Product News and Recalls

Roundup Cancer Trial Jury Finds Glyphosate Responsible for Man’s Cancer

jury finds Roundup caused man's cancerA San Francisco jury finds Roundup caused a man’s cancer just as it was about to enter its second week of deliberations. In the second Roundup cancer trial to be heard in a courtroom, final arguments in Edwin Hardeman’s case against the manufacturer (Monsanto was purchased by Bayer for $63 billion) were delivered last week and the jury had been deliberating since. As those closely watching the Roundup trial began to doubt whether a unanimous decision could be reached, the jury did just that – finding that Roundup contributed to Hardeman’s non-Hodgkin lymphoma.

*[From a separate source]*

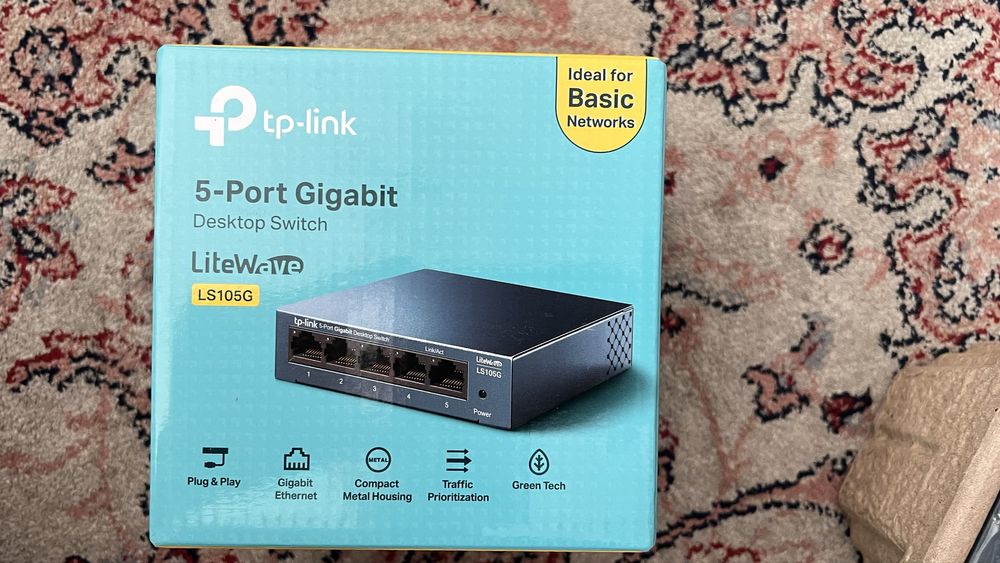 Wi-Fi роутер + коммутатор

Over 11,000 lawsuits wait to be heard that link Roundup and its main active ingredient glyphosate to a variety of adverse reactions and effects, including non-Hodgkin’s lymphoma. The first case was that of Dewayne Johnson, a California school groundskeeper. Johnson sued the secretive corporation for creating the product that caused his cancer after his work led to frequent exposure to the chemical, including a large spill which saturated his clothing and made contact with large portions of his skin.

Johnson’s case was the first to attack Monsanto’s use of “scientific studies” to prove and assert glyphosate’s safety. His trial exposed the fact that much of that research was funded and supported by Monsanto itself and, in some cases, studies had been ghostwritten from inside the corporation. A jury sided with Johnson and initially awarded him $289 million last summer, although that amount was reduced and is still under appeal by Monsanto.

Hardeman also faced “extreme” exposure to Roundup, as detailed by his attorney Aimee Wagstaff. Having sprayed the chemical more than 300 times over 26 years, Wagstaff argued that “the dose makes the poison. The more you use, the higher the risk.”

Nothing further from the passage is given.